Finally, USCIS explained certain circumstances that may affect or delay its ability to efficiently adjudicate an expedite request, such as (i) where an application or petition “requires on-site inspection, or (ii) where “the benefit is ancillary to a primary application or petition that is still pending.” In the latter scenario, USCIS recommends filing the expedite request on the primary application (such as the Application to Extend/Change Nonimmigrant Status [Form I-539] or the Petition for Nonimmigrant Worker [Form I-129]) as opposed to pursuing expedition on the ancillary application (such as the Application for Employment Authorization [Form I-765]).
USCIS Guidance on Transferring the Underlying Basis of Form I-485 Application to a Different Employment-Based Immigration Category
On January 21, 2022, USCIS provided
guidance on its website regarding the detailed process for transferring the underlying basis of Form I-485 to a different employment-based immigration category to another Form I-140 within the first three employment based category (EB-1, EB-2 and EB-3).

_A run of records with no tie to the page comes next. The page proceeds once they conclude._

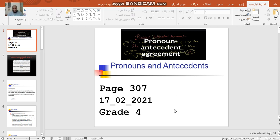Bismillah ar-Rahman ar-Rahim, wa salatu wa salamu ala Rasulillah al-Ameen, Sayyidina Muhammad wa ala alihi wa sahbihi ajma'i, wa alihi wa sallam.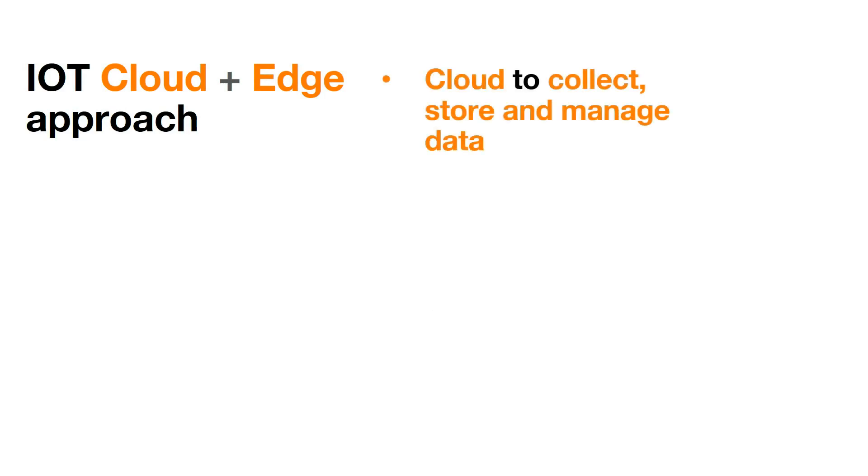IoT use cases require cloud platforms to collect, store and manage data and devices.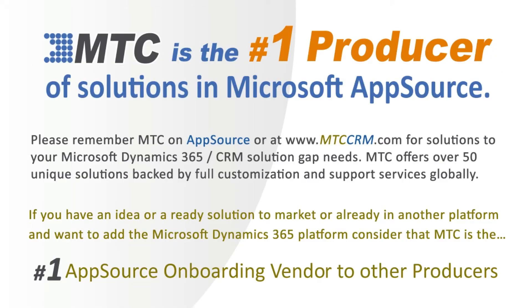This is one of the 50-plus add-on building block products, backed by full customization and support services globally.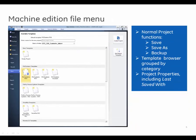The Machine Edition file menu provides normal project functions such as save, save as, and backup. The template browser is grouped by category, and the project properties may be displayed, including the last save with attribute.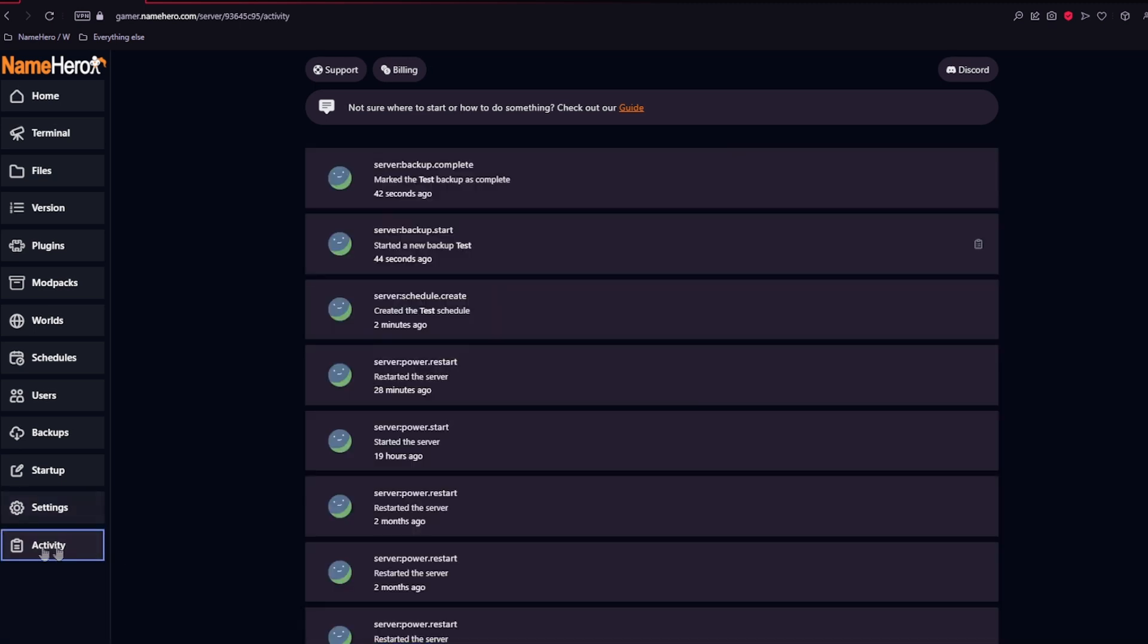And the last section is going to be the activity. Here you're able to see anything that is going on on your server that sub-users or the users change. And it's very important if you want to keep track of that.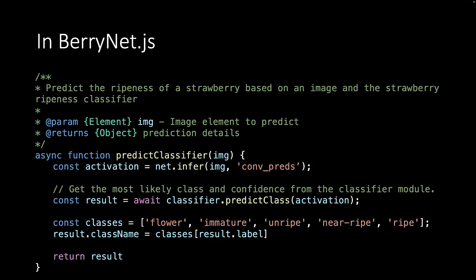In BaryNet.js we create a new method called PredictClassifier. It first asks the MobileNet using net.infer the results from the pre-trained model. We get this list of numbers. We then ask the classifier to predict based on this list of numbers the class that it belongs to. The result will be a prediction of the ripeness of the strawberry. And again here we return the results so we can put it in an element.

Below is the highlight of the transfer request guidance:
Eligibility to request the transfer if:
a. The applicant has continuously maintained eligibility for adjustment of status;
b. The adjustment of status application based on the original Form I-140 is still pending;
c. The applicant is eligible for the new immigrant category; and
d. The applicant has a visa immediately available in the new immigrant category.
The request to transfer a pending I-485 from one category to another category must be made in
writing, with Form I-485J (if required). The request need to be made no later than September 30, 2022 to the following address:
U.S. Department of Homeland Security
USCIS Western Forms Center
10 Application Way
Montclair, CA 91763-1350
The priority date must be current for the category the applicant wishes to use under the Final Action Chart of the Visa Bulletin of the given month.
USCIS specifies that if the applicant already submitted the transfer request to USCIS prior to the issuance of the new guidance, the applicant should not submit a new request again to the new address. The applicant will not expect to receive a written response to transfer request. However, USCIS will issue receipt notices for I-485 Supplement J.